Ich plädiere hier ein bisschen für eine ganzheitliche, holistische Sichtweise auf das Leben, eine non-dualistische Sichtweise. Philosophiegeschichtlich ist das ein Monismus, den es in praktischer Hinsicht immer schon gab, aber ungefähr mit dem zivilisierten (nicht-nomadisch lebenden) Menschen abgeschafft wurde. Zumindest theoretisch, denn ich denke, dass Tiere und andere nicht-menschliche Lebewesen nach wie vor auf dieses Prinzip ausgerichtet sind.
Ich gebe zu, dass es leicht klingt, aber vermutlich nur deswegen, weil ich mich vor ca. 3 Jahren ganz bewusst vom dualistischen Denken verabschiedet habe. Das Ganze hat aber auch einen Haken: Wenn ich ganz bewusst in die Unterschiedslosigkeit "absteige", laufe ich Gefahr zu verallgemeinern. Von daher hatte es schon Sinn, dass sich die Menschen innerhalb der Philosophiegeschichte für eine starke Differenzierung von Ideologien bis hin zu einem sehr krassen Pluralismus entschieden haben, in dem jeder quasi alles darf und alles gleichgemacht, bzw. gleich wertgeschätzt werden muss. Das ist das andere Extrem und wiederum eine Verallgemeinerung.

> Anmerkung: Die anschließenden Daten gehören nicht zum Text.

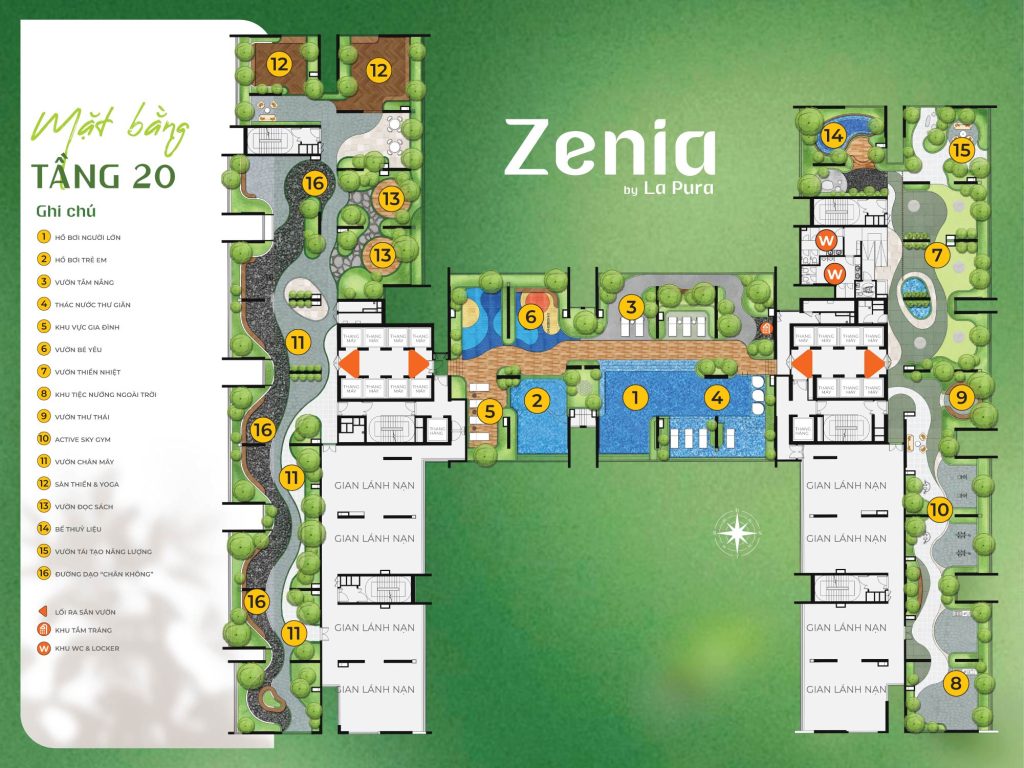 Mặt bằng tầng 20 tòa Zenia dự án La Pura
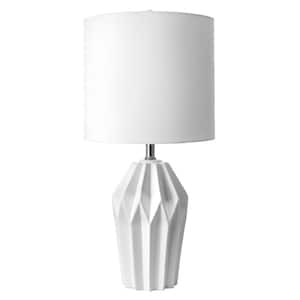 Bryan 24 in. White Contemporary Table Lamp with Shade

Aber eigentlich ist das Prinzip des non-dualistischen Denkens denkbar einfach: Akzeptiere die Dinge so wie sie sind (das ist kurz gefasst auch die Herangehensweise der Phänomenologie bzw. die "Vorbedingung" von Wissenschaften an sich), versuche nicht, sie, z.B. durch das Denken künstlich zu verändern bzw. etwas hineinzuinterpretieren und sei auch dann, wenn du darin Differenzierungen ausmachst, stets bereit, alte Glaubenssätze zu verwerfen (ein weiteres Grundprinzip, das auf den Konstruktivismus insbesondere der empirischen Wissenschaften aufbaut).
Auf diese Weise gehst du beiden Extremen aus dem Weg und kannst in der Mitte bleiben.
Weil man hier ja nur ein paar wenige Tage lang "resteemen" kann (komische Regel), hab ich den Beitrag mal auf Facebook geteilt.
Wow, ich bin platt, das ist das erste Mal, dass ich meine Inhalte woanders sehe. Danke dir für die Unterstützung, ich weiß das wirklich zu schätzen!